The following documents must be filed with a Response to Initiating Application:

 

  1. a Genuine Steps Certificate, confirming the respondent’s compliance with the pre-action procedures listed in Schedule 1 of the Family Law Rules;

  2. a Financial Statement (unless the respondent is objecting to jurisdiction: see rule 2.19 of the Family Law Rules);

  3. a Financial Questionnaire;

  4. an Undertaking as to Disclosure in accordance with rule 6.02 of the Family Law Rules;

  5. if the respondent opposes any of the interlocutory orders sought by the applicant or seeks interlocutory orders in their Response to Initiating Application, an affidavit;

  6. if the Response to Initiating Application seeks a search order, an affidavit which includes the required evidence as set out in rule 5.19(3) of the Family Law Rules; and

  7. if the Response to Initiating Application seeks a freezing order, an affidavit which includes the required evidence as set out in rule 5.23(3) of the Family Law Rules.

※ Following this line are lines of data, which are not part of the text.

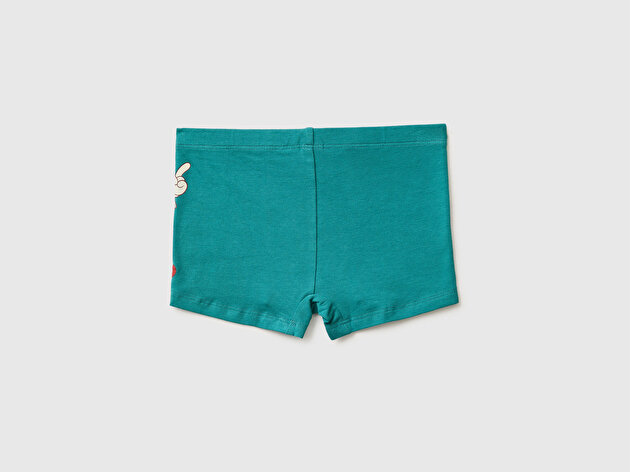 Benetton Erkek Çocuk Yeşil Disney Baskılı Boxer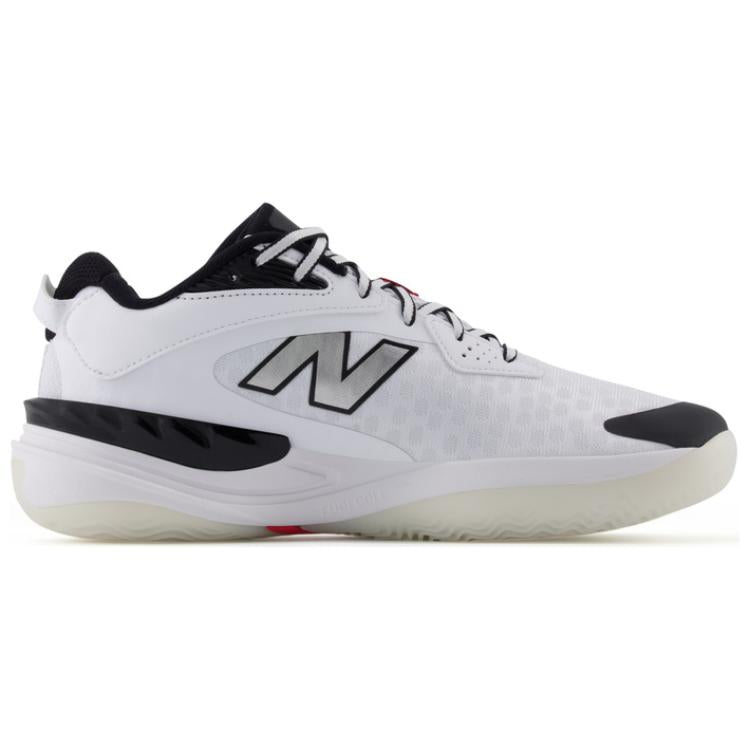 New Balance Bb Hesi Low V2 Wit Team Rood Zwart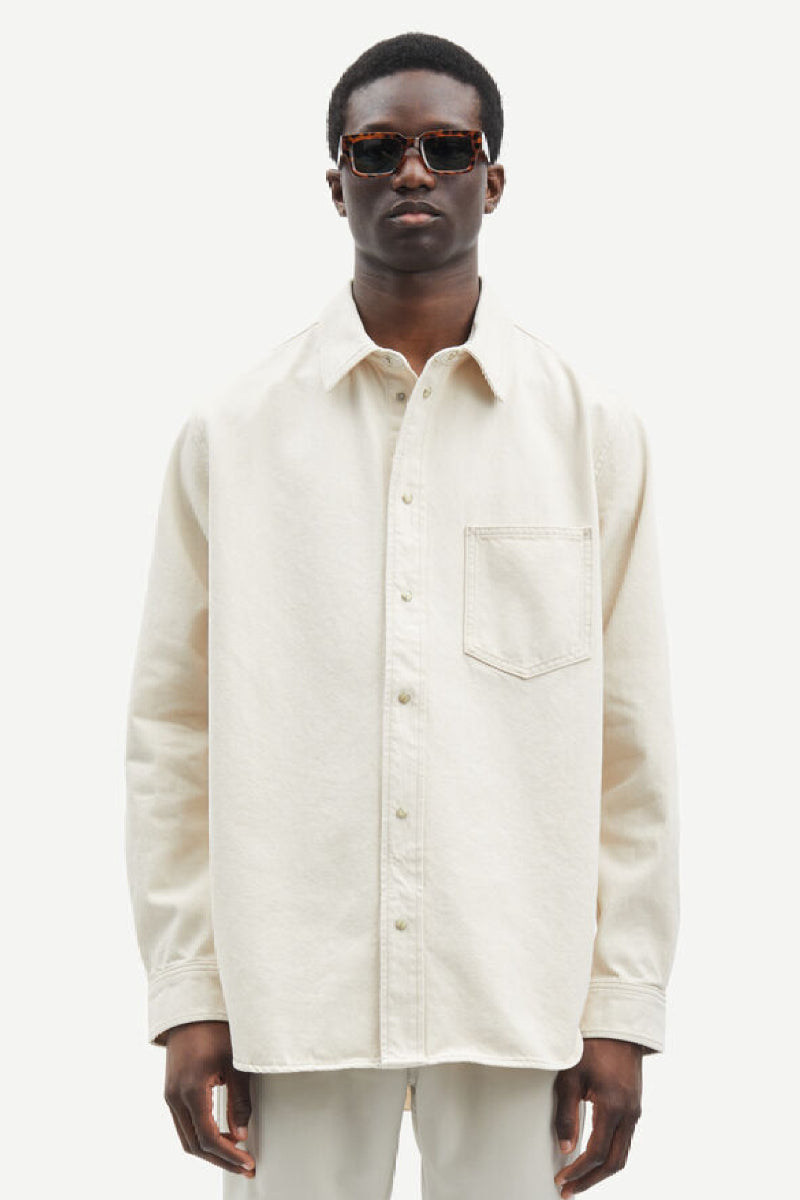 Samsøe & Samsøe Sadamon shirt - natural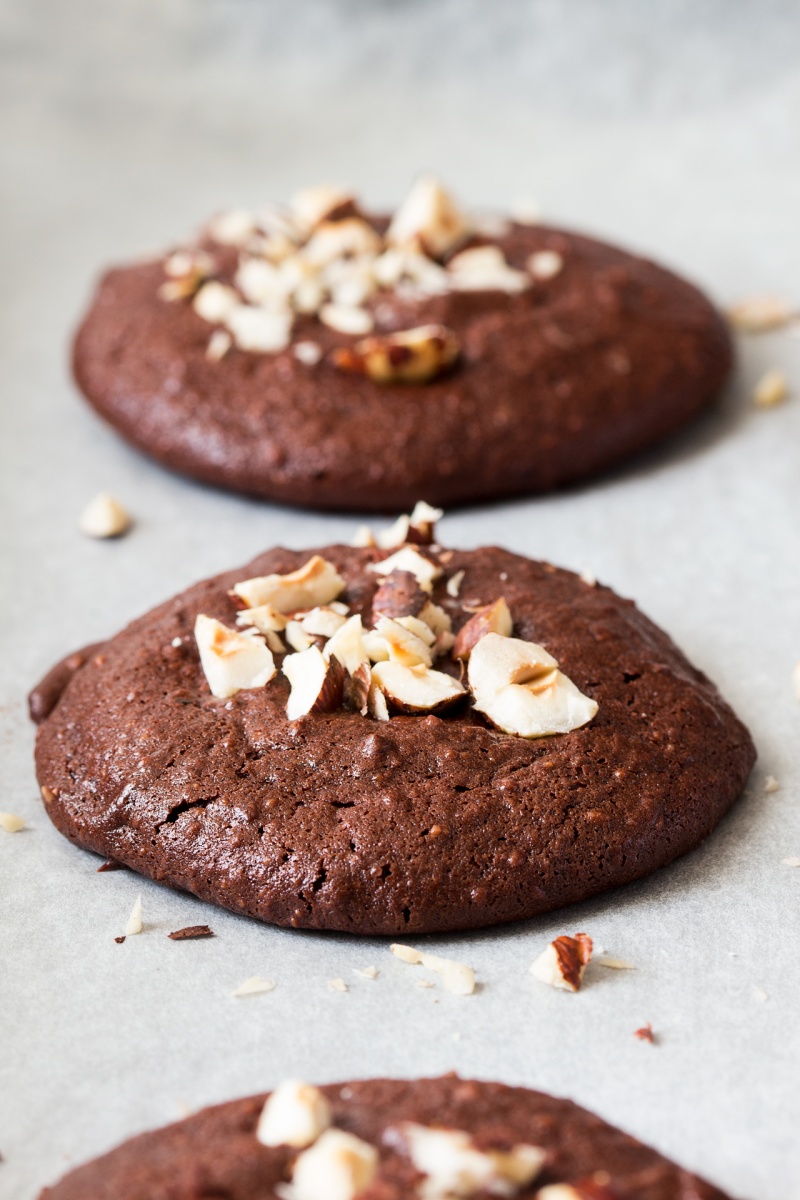 vegan brookies sideview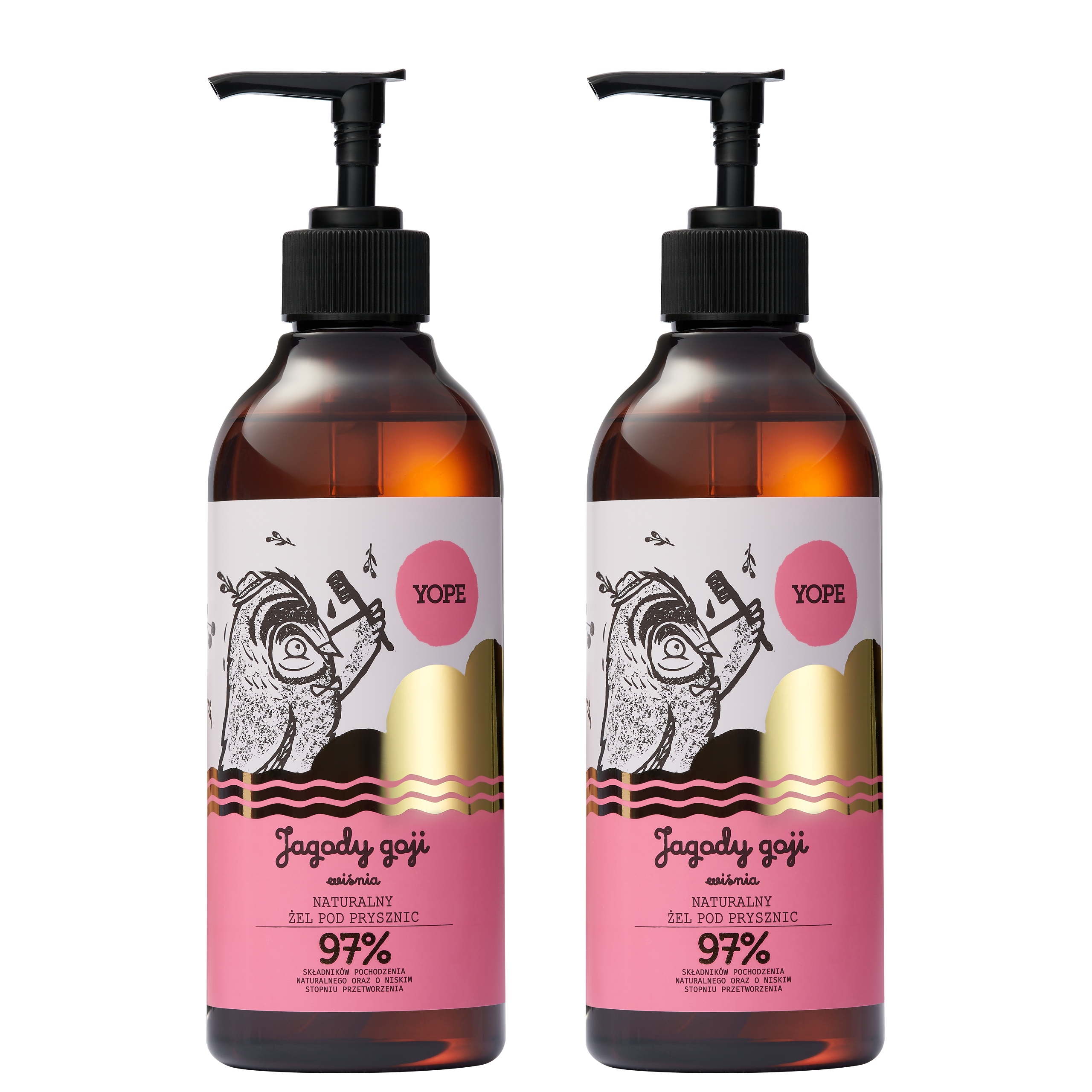 

Yope żel pod prysznic Jagody Goji i Wiśnia 2x400ml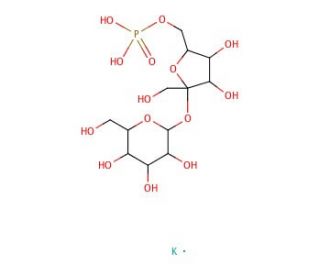 Sucrose 6&prime;-monophosphate dipotassium salt (CAS 36064-19-4) - chemical structure image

  8. A Response to Initiating Application must be filed and served within 28 days of service of the application to which it relates.

Responding to an application

Where a respondent seeks orders relating to parenting proceedings or another type of proceedings for the first time in the Response to Initiating Application and the applicant seeks to oppose those orders or seek different orders, the applicant must file a Reply with respect to those orders.

Superannuation

Where a party applies for a flagging or splitting order which is expressed to bind the trustee of an eligible superannuation plan, or applies to set aside such an order under Part VIIIB, the party must serve a copy of the application or response on the trustee of the eligible superannuation plan pursuant to rule 1.12(5) of the Family Law Rules.

Where such a flagging or splitting order binding a superannuation trustee is sought and the proceeding has been listed for final hearing, the applicant must notify the trustee of the eligible superannuation plan in writing of the terms of the order sought at the final hearing no less than 28 days prior to the final hearing pursuant to rule 1.12(6) of the Family Law Rules.